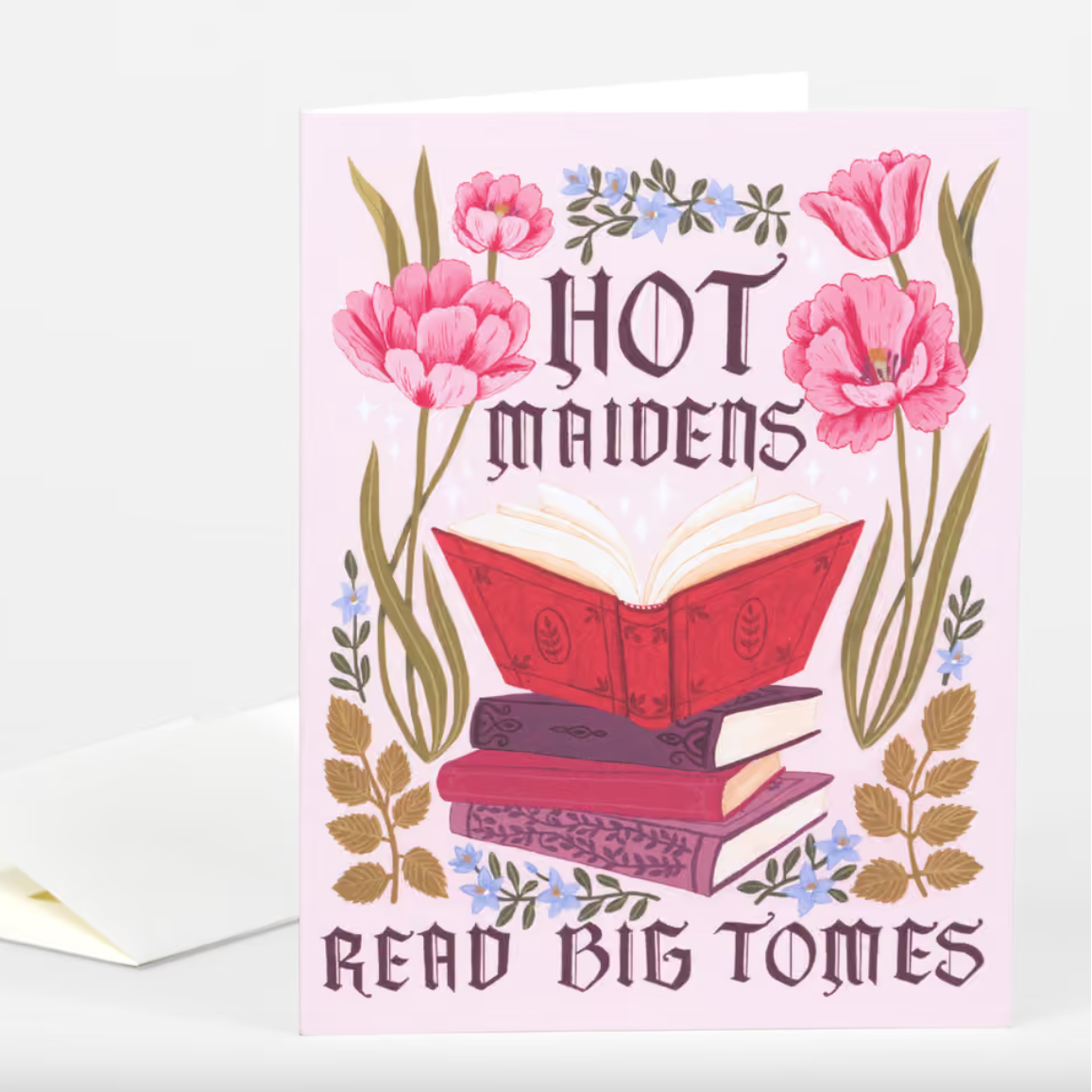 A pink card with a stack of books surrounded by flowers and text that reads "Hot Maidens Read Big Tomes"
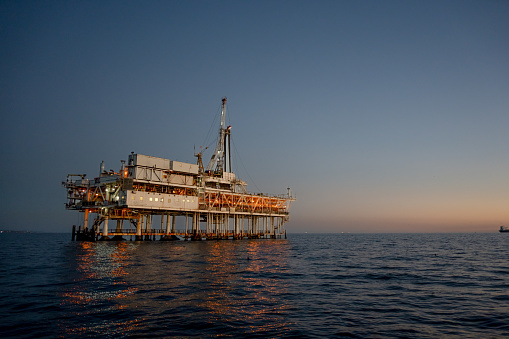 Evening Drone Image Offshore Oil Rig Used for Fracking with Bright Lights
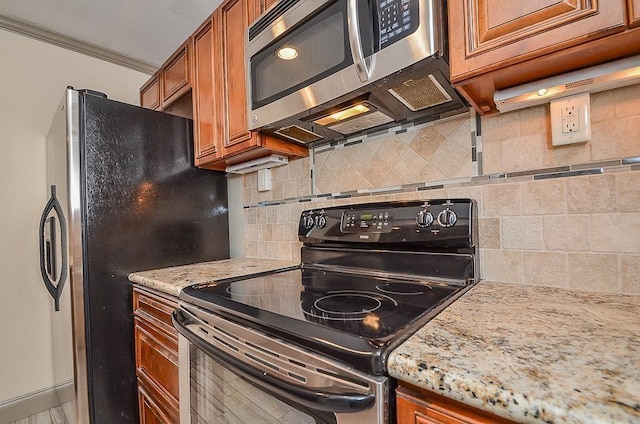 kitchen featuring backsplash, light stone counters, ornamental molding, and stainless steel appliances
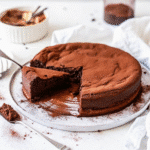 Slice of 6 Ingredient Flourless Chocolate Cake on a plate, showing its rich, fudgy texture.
§ §
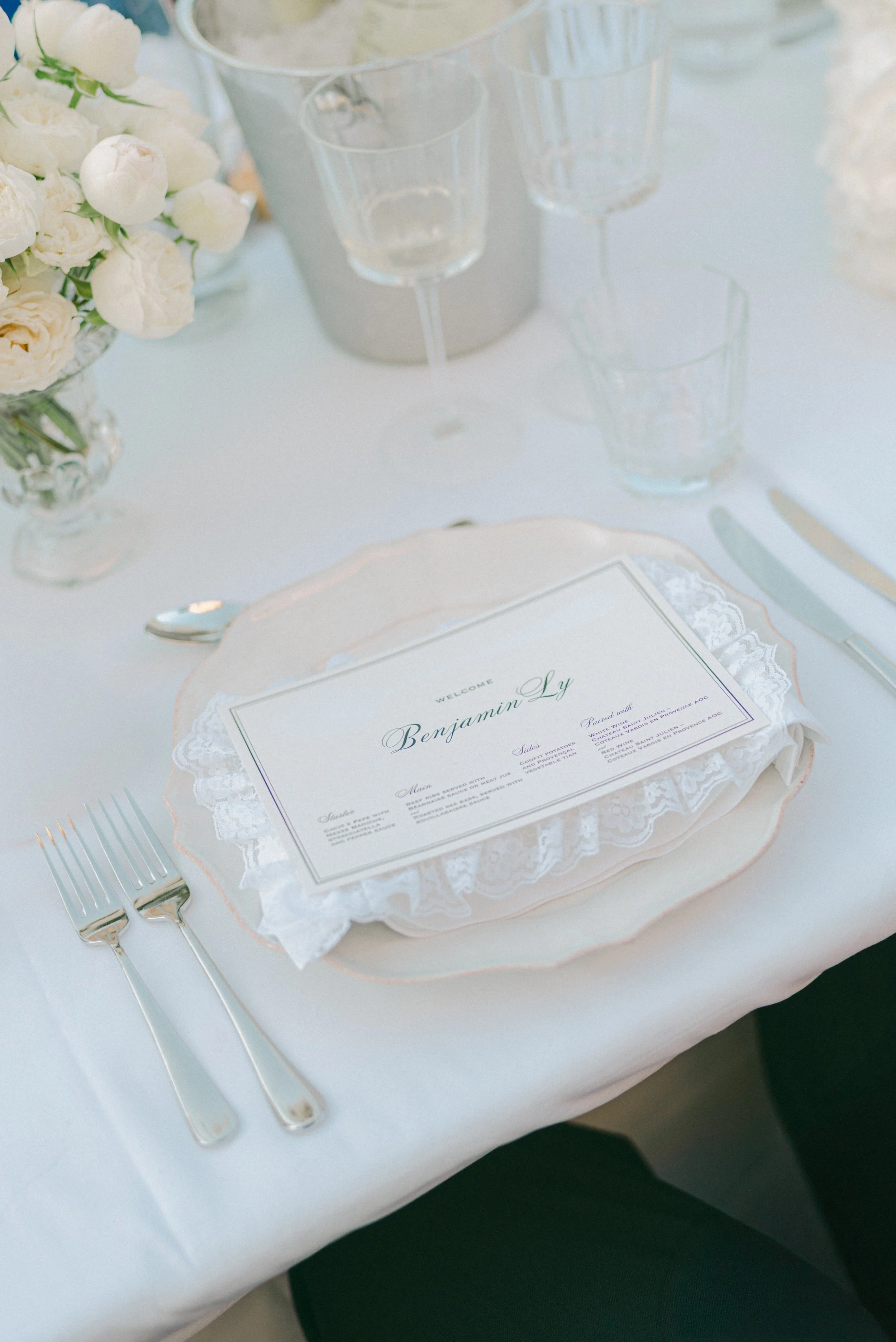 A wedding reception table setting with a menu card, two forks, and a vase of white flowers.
§ §
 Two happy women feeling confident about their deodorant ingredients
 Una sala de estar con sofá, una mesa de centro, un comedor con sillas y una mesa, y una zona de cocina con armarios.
§ §
**WHAT TO DO**
Each line above from the one containing "A pink card" through the one containing "Slice of 6 Ingredient" is to be returned verbatim. Nothing else, and no pictures.

**RESPONSE TO THE TASK**
 A pink card with a stack of books surrounded by flowers and text that reads "Hot Maidens Read Big Tomes"
 Evening Drone Image Offshore Oil Rig Used for Fracking with Bright Lights
 kitchen featuring backsplash, light stone counters, ornamental molding, and stainless steel appliances
 Slice of 6 Ingredient Flourless Chocolate Cake on a plate, showing its rich, fudgy texture.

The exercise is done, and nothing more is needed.